Nel 1977 ha fondato l’Associazione figli d’Arte Cuticchio, che si prefigge di salvaguardare l’arte dell’opera dei pupi, anche attraverso una scuola aperta ai giovani. Come sta andando?
«Ho aperto la scuola semplicemente perché volevo aprire i battenti del mio teatro a tutti i giovani che vogliono capire come funziona il mondo dei pupi. La mia, infatti, non voleva essere una scuola istituzionale. Va molto bene. Ci sono giovani che vengono da tutte le parti del mondo: l’ultima ragazza che ho seguito veniva dal Giappone. La tradizione continua, quindi, non solo con mio figlio e i miei nipoti».
 
Tra i progetti recenti c’è la realizzazione di una camera d’arte presso l’albergo Atelier del mare. La stanza non a caso si chiama ‘Opra’ e nasce dalla collaborazione con il suo amico Antonio Presti, promotore della Fondazione Fiumara d’arte. Quando verrà inaugurata?

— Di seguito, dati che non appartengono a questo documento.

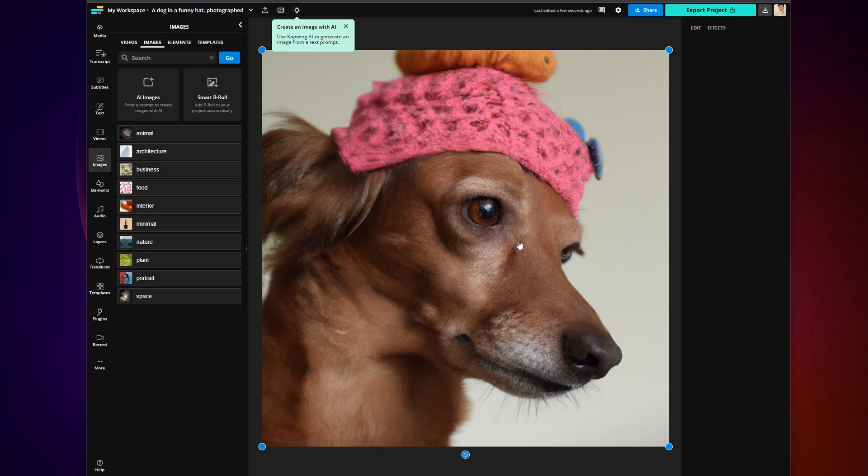From here, you can use the image as an image overlay for a video, or just export it from the right-hand corner.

«L’inaugurazione sarà il 20 e il 21 marzo. Il progetto della stanza, però, non nasce dall’amicizia tra me e Antonio, ma da un incontro con un mecenate che è anche un artista, quale è Presti, che ha grande interesse per tutto ciò che è nuovo e contemporaneo, ma anche per quello che è autenticamente tradizionale. Lui era un mio spettatore e fan. In seguito, siamo diventati amici, perché i viaggiatori nell’arte prima o poi si incontrano, e quasi dieci anni fa mi ha chiesto di realizzare una stanza d’arte. Adesso mi sono deciso e mi è toccata una camera piccola. Magari lui si aspettava che mi lamentassi per questo e, invece, la stanza faceva proprio al caso mio, perché dentro non ho voluto creare il teatro, ma il retro del teatro. Infatti, il boccascena sarà la finestra della camera: il teatro è fuori. Dentro sto raccontando un po’ la mia infanzia. Quando andavo in giro per la Sicilia con la mia famiglia, affittavamo un “malazzene”, un locale dove si allestiva il teatrino, nel retro si metteva il letto dei miei genitori e io e le mie sorelle dormivamo sul palcoscenico. Ho cercato di trasferire nella stanza tutte le suggestioni che le ombre e i pupi appesi mi suscitavano da bambino. Chi entrerà dovrà sapere che sta entrando nel cuore di un corpo che è quello dell’arte e anche quello della vita, perché nel retropalco nascevano i pupi, ma siamo nati anche io e i miei sei fratelli».